Lateu's people don't bother to patch their huts anymore, and an unpleasant mould covers the ground of every dwelling as a result of frequent flooding. For a while the islanders tried to rise above the surging seas by putting their huts up on makeshift foundations of coral, but they soon gave up. Now they are preparing to move to higher ground, some 300 metres inland, where they have already built six communal structures with financial aid from Canada. Lateu is the only village on Tegua island, a half-moon-shaped speck of land less than four miles long and 10 miles wide in the South Pacific. It is one of five coral atolls in the Torres Group, 650 miles north of Vanuatu's main island, Efate. Getting here involves a flight in a small plane that goes once a week to the Torres' main island, Loh, and a prohibitively expensive, wet and frightening 40-minute ride over the open sea in a fisherman's boat.

The impact climate change has had on Tegua atoll is hard to ignore. Everywhere on the windward side of the island, palm trees are immersed by the sea. Some have survived the ordeal, others have fallen, littering the shallow waters of the coast line. "At the end of the Eighties, our village was flooded for the first time," says Reuben Seluin, 63, Lateu's village head. "Nowadays it happens every other month."

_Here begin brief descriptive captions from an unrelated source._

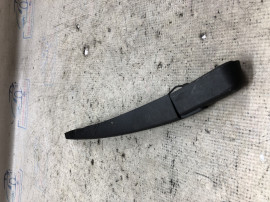 Stergator hayon Nissan Juke 2014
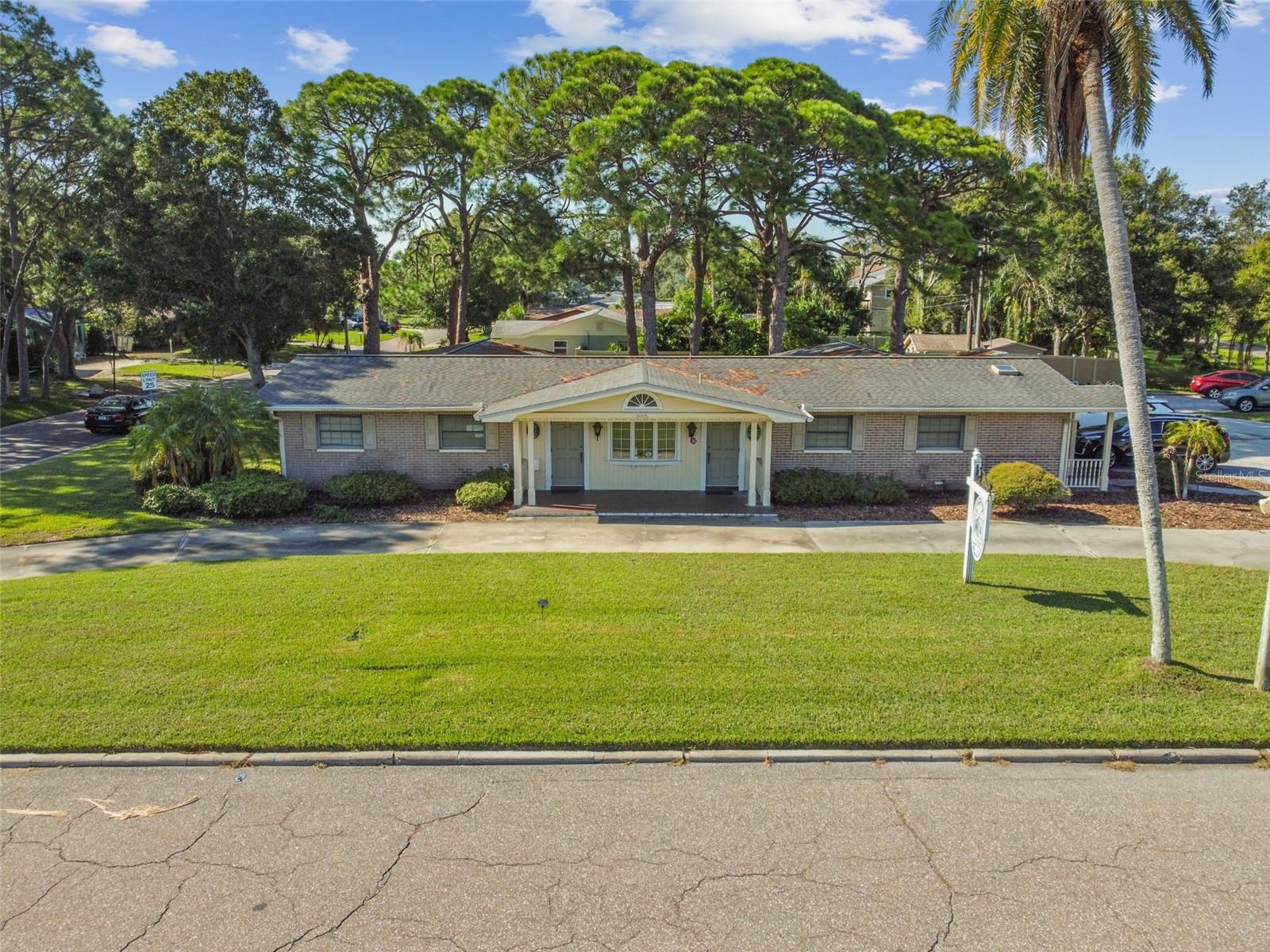 605 Palm Boulevard, Dunedin, FL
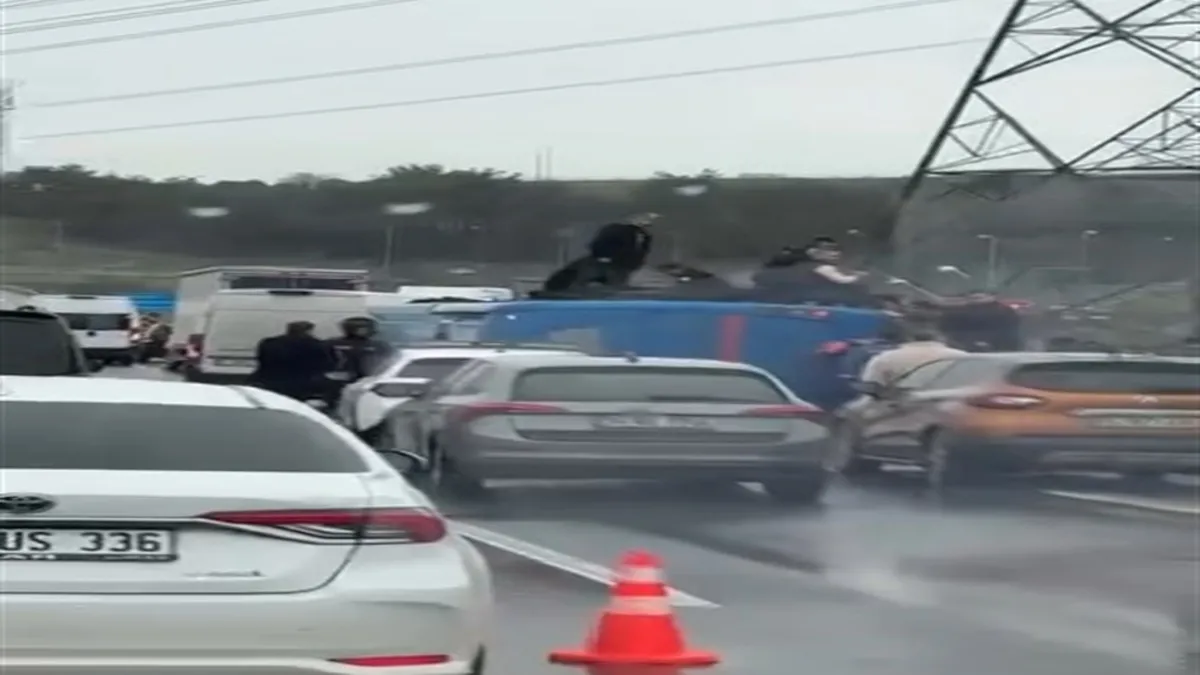 1200X675 Eyupsultanda Cezaevi Nakil Araci Devrildi 2Si Agir 10 Yarali 1769694069142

When the islanders resettled Tegua in the Sixties, they built Lateu directly next to the bay. During low tide, a tiny pond of sweet fresh water appears between the sea's coral ground. The pool gave Lateu its name. Aside from a rain water tank, the only thing Vanuatu's administration ever built on this island, it used to be the only source of drinking water for the atoll. Now the women use it to do their laundry. During high tide, waves crash on a low pile of coral that separates the village from the sea, but Mr Seluin says that Lateu used to have a white sand beach. Part of it, he says, was washed away by a tsunami, triggered by an earthquake on Torres in 1997. "With every big tide that followed, the sea came a bit closer. I can't tell you whether this is due to climate change. I just know that we used to have a beach, and that it's gone."